What Alison says: “As Coco Chanel said: ‘In order to be irreplaceable, one must always be different.’”
6. The mentor
Throughout her career, Julie Chakraverty has been struck by certain things: the lack of female role models in the workplace; the time it takes to arrange face-to-face meetings; and the importance of business ‘communities’. In response, Julie set up Rungway – a mentoring app that allows people to share fast, bite-sized advice. Through the app, individuals post questions either publicly or anonymously on anything from work-life balance and office politics to health issues at work. They are then matched to people who have experience of and understand those situations. The response so far suggests this app was just what the business community needed.
What she says: “Be more ambitious than you feel comfortable with.”
7. The (Business) matchmaker
Finding ‘the one’ can be tough – both in love and life.
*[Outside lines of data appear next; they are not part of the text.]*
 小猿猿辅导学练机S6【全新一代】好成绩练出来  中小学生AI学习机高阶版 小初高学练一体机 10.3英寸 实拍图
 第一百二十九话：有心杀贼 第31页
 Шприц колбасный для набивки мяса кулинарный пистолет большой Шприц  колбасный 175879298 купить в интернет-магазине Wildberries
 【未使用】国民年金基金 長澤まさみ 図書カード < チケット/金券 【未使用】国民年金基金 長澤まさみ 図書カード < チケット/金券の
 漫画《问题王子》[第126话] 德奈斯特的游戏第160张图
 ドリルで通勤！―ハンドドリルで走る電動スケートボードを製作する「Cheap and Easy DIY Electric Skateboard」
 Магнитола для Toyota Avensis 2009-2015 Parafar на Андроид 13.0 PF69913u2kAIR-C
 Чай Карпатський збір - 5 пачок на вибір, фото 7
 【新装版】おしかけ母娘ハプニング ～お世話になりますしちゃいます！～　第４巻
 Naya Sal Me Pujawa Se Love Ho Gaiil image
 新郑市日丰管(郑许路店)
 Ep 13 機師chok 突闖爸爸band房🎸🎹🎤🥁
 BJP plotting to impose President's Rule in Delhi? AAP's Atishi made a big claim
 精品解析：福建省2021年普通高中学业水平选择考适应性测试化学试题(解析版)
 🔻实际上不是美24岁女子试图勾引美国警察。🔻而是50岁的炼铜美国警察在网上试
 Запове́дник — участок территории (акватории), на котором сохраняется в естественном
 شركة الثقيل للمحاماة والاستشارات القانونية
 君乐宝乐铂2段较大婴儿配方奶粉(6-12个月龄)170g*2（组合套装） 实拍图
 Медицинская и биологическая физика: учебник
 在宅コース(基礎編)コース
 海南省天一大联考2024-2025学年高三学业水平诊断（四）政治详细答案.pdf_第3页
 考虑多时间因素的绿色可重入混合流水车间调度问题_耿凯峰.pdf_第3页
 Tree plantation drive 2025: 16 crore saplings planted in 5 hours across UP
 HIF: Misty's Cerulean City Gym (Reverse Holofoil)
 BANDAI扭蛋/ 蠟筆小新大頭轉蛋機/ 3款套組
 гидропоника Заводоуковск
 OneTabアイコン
Laura Munoz decided to take a leaf from the online dating industry when she launched Empowering Futures in 2015. A social enterprise that matches university students with entrepreneurs to collaborate on projects, Empowering Futures offers individuals the chance to get support, develop skills and watch those projects become a success. The idea behind the business grew from Laura’s passion for connecting people and spreading good ideas. And as far as start-ups go, it sounds like Laura’s found the one.
What Laura says: “Planning is great but entrepreneurs need to be flexible and adapt quickly to take advantage of opportunities.”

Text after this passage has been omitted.